L'appétit n'est donc que l'essence même de l'homme, de laquelle découlent nécessairement toutes les modifications qui servent à sa conservation, de telle sorte que l'homme est déterminé à les produire. De plus, entre l'appétit et le désir il n'y a aucune différence, si ce n'est que le désir se rapporte […] à l'homme, en tant qu'il a conscience de son appétit ; et c'est pourquoi on le peut définir de la sorte : Le désir, c'est l'appétit avec conscience de lui-même. »
Baruch Spinoza, Éthique (1675)
Platon - Le Désir est un manque
- « Essaie donc aussi, reprit Socrate, à propos de l’Amour, de nous dire s’il est l’amour de quelque chose ou de rien.
– Il est certainement l’amour de quelque chose.
– Garde donc dans ta mémoire, dit Socrate, de quoi il est amour, et réponds seulement à ceci : l’Amour désire-t-il ou non l’objet dont il est amour ?
- Il le désire, répondit-il.
- Mais, reprit Socrate, quand il désire et aime, a-t-il ce qu’il désire et aime, ou ne l’a-t-il pas ?
- Vraisemblablement il ne l’a pas, dit Agathon.
- Vois, continua Socrate, si, au lieu de vraisemblablement, il ne faut pas dire nécessairement que celui qui désire désire une chose qui lui manque et ne désire pas ce qui ne lui manque pas. Pour ma part, c’est merveille comme je trouve cela nécessaire, et toi ?
- Moi aussi, dit Agathon.
- Fort bien. Donc un homme qui est grand ne saurait vouloir être grand, ni un homme qui est fort être fort ?
- C’est impossible, d’après ce dont nous sommes convenus.
- En effet, étant ce qu’il est, il ne saurait avoir besoin de le devenir.
- C’est vrai.
- Si en effet, reprit Socrate, [...] quelqu’un soutenait qu’étant en bonne santé il désire être en bonne santé, qu’étant riche il désire être riche et qu’il désire les biens mêmes qu’il possède, nous lui répondrions : Toi, l’ami, qui jouis de la richesse, de la santé, de la force, tu veux jouir de ces biens pour l’avenir aussi, puisque dans le moment présent, que tu le veuilles ou non, tu les possèdes. Vois donc, quand tu prétends désirer ce tu as, si tu ne veux pas précisément dire : je veux posséder aussi dans l’avenir les biens que je possède maintenant. Il en tomberait d’accord, n’est-ce pas ?

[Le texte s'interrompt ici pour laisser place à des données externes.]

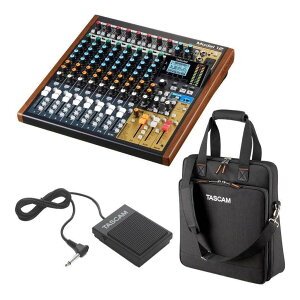 TASCAM Model 12+RC-1F+CS-MODEL12 I[CEv_NVE~LT[/R[_[/tbgXCb`+P[Xtyz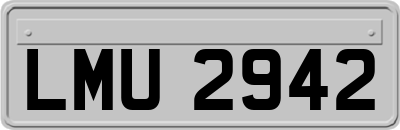LMU2942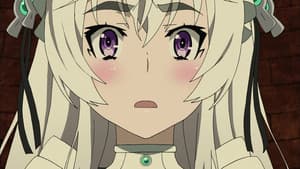 Episodio 11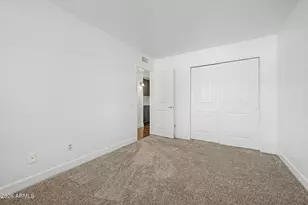 25 W Sequoia Dr, Phoenix, AZ 85027 - Photo 28
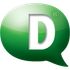 Dimcos icon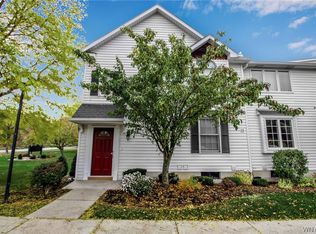 11 Beacon Park APT A, Buffalo, NY 14228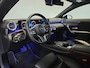 Mercedes-Benz CLA Shooting Brake 250 e Business Solution Luxury Limited / NL Auto
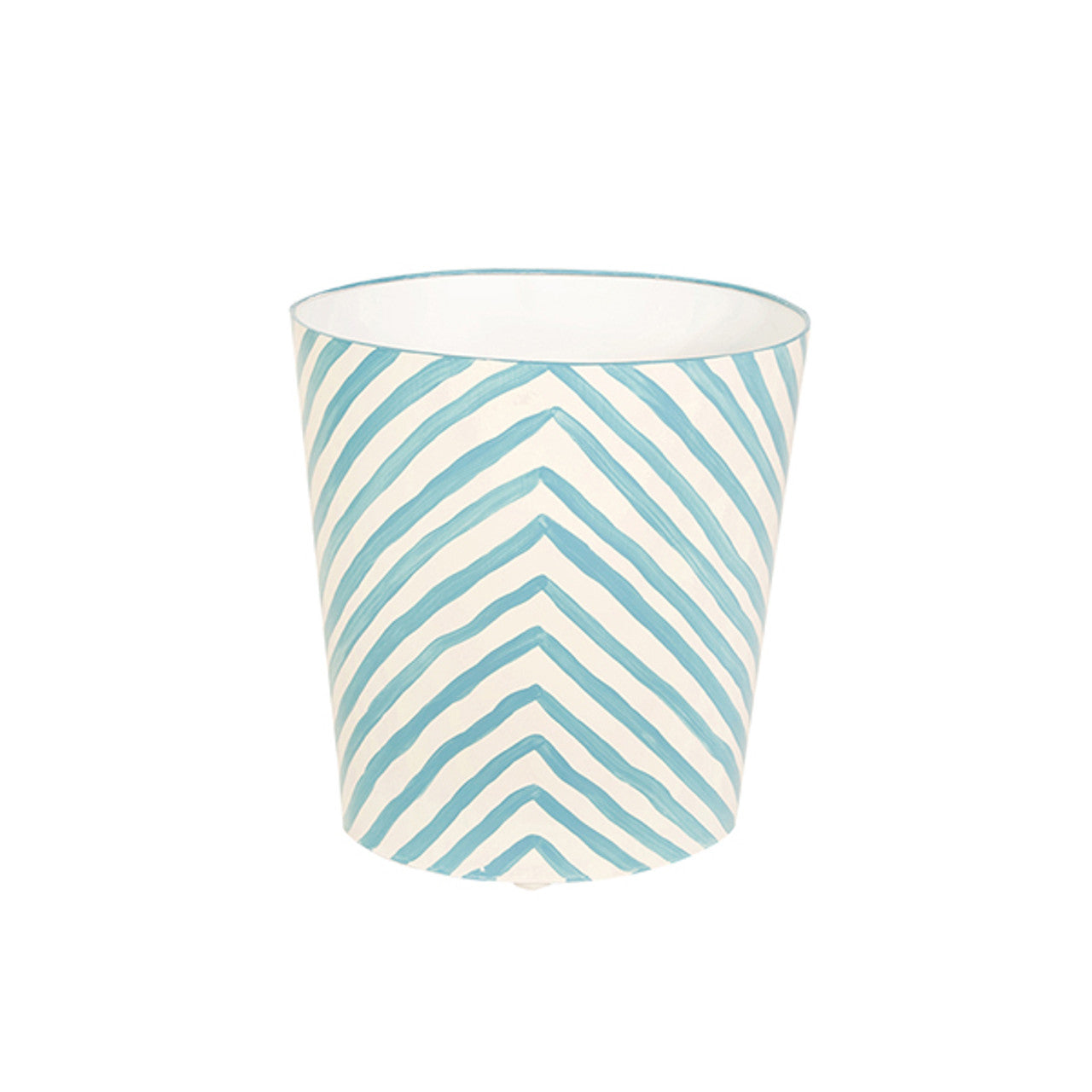 Wbzeg Zebra Oval Wastebasket Wastebaskets Worlds Away Turquoise , Black Friday Sale Worlds Away Furniture Sale, Old Bones Co, Mid Century Furniture Sale, Four Hands Furniture, Black Friday Sale Wbzeg Zebra Oval Wastebasket,Gus Sale, Perigold Wbzeg Zebra Oval Wastebasket Wastebaskets Black Friday Sale , Perigold Sale Wbzeg Zebra Oval Wastebasket,Wbzeg Zebra Oval Wastebasket Lulu and Georgia, Burke Decor Sale Wbzeg Zebra Oval Wastebasket, www.oldbonesco.com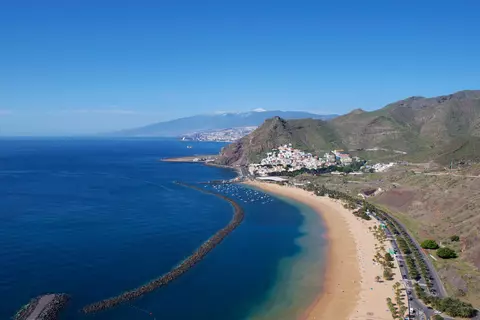 Tenerife – Insula pe care trebuie să ajungi măcar o dată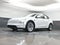 2026 Tesla Model Y Premium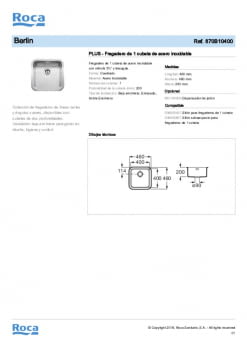 Fitxa producte ROCA A870B10400.pdf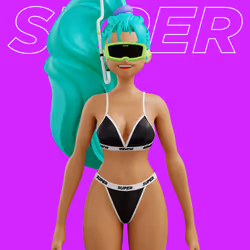 79654774792527211628502023969973008318389555423553119175803920262791224623105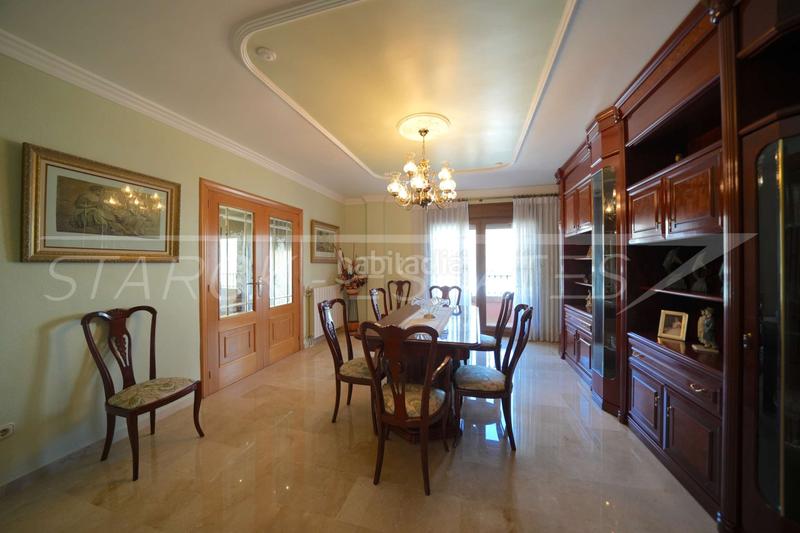 Foto d0b685ab-4114-4764-a795-09de75b6ac9a. Casa adosada en Verger (el)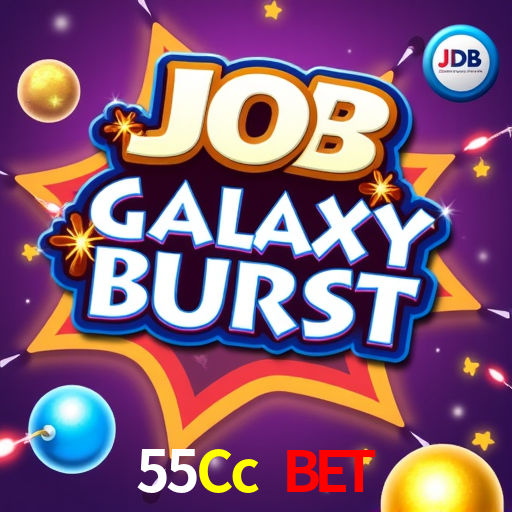 55Cc Bet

- Je le pense comme toi, dit Agathon.
Socrate reprit : N’est-ce pas aimer une chose dont on ne dispose pas encore, et qu’on n’a pas, que de souhaiter pour l’avenir la continuation de la possession présente ?
- Assurément, dit Agathon.
- Cet homme donc, comme tous ceux qui désirent, désire ce qui n’est pas actuel ni présent ; ce qu’on n’a pas, ce qu’on n’est pas, ce dont on manque, voilà les objets du désir et de l’amour ».